TASK REQUIREMENTS:
Only one stretch of the data below is wanted: the lines starting at the one with "Moonlight Blade screenshot 14" and ending at the one with "1604 Ashton Avenue Nashville TN 37218", both included, given again exactly.

(Beginning of EXTRACTED INFORMATION)

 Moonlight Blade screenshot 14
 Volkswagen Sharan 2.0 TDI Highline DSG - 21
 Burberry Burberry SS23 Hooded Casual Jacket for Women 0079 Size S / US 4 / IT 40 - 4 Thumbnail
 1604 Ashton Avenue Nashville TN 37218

(End of EXTRACTED INFORMATION)
(Beginning of EXTRACTED INFORMATION)

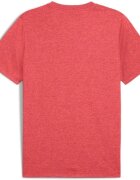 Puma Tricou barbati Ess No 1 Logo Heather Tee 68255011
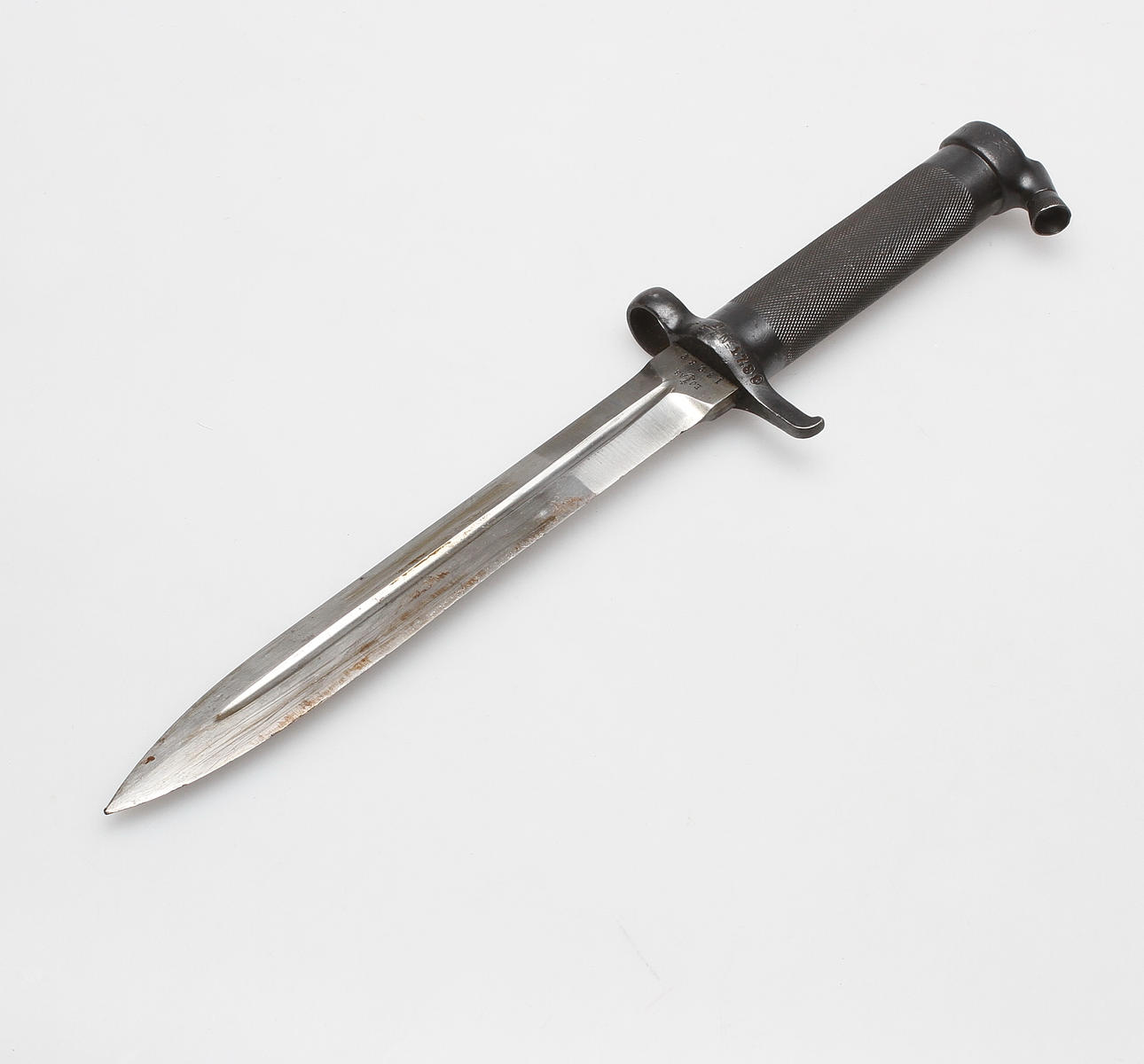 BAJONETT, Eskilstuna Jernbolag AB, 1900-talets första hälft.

(End of EXTRACTED INFORMATION)

RESPONSE TO THE TASK:
 Moonlight Blade screenshot 14
 Volkswagen Sharan 2.0 TDI Highline DSG - 21
 Burberry Burberry SS23 Hooded Casual Jacket for Women 0079 Size S / US 4 / IT 40 - 4 Thumbnail
 1604 Ashton Avenue Nashville TN 37218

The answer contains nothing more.